Luis López

Personal information
- Full name: Luis Miguel López Beltrán
- Date of birth: 11 January 1975 (age 51)
- Place of birth: Valencia, Spain
- Height: 1.83 m (6 ft 0 in)
- Position: Defender

Senior career*
- Years: Team / Apps / (Gls)
- 1994–1998: Valencia B / 126 / (12)
- 1997: Valencia / 1 / (0)
- 1998–2000: Levante / 62 / (3)
- 2000–2002: Jaén / 68 / (0)
- 2003: Logroñés / 5 / (0)
- 2003–2004: Gimnàstic / 16 / (0)
- 2005–2006: Almansa / 34 / (0)
- 2007: Ontinyent / 1 / (0)
- Total:  / 313 / (15)

= Luis López (footballer, born January 1975) =

Spanish footballer

Luis Miguel López Beltrán (born 11 January 1975) is a Spanish former professional footballer who played as a defender.

==Career==
López began his career with Valencia.

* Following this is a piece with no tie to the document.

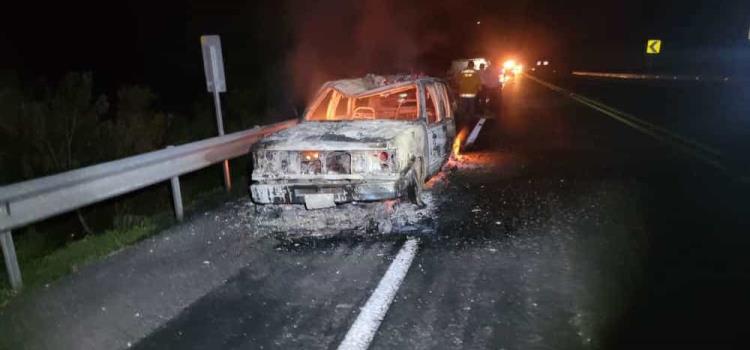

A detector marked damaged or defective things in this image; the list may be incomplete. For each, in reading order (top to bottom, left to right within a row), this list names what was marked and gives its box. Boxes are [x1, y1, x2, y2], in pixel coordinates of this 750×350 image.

burned hood [258, 120, 424, 150]
charred truck body [250, 74, 456, 208]
burned pickup truck [250, 75, 456, 209]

He started off with the club's reserve team in Segunda División B, making one hundred and thirty-eight appearances and scoring twelve goals in four years. On 21 June 1997, López made his professional debut for Valencia's first-team in La Liga, he was subbed on at half-time for Patxi Ferreira in a 3–2 defeat to Espanyol. In 1998, Segunda División B side Levante signed López. He netted two goals in forty-two matches in his opening season, which ended with promotion to the Segunda División. 2000 saw López join fellow second tier outfit Jaén, where he remained for two years and featured seventy-one times.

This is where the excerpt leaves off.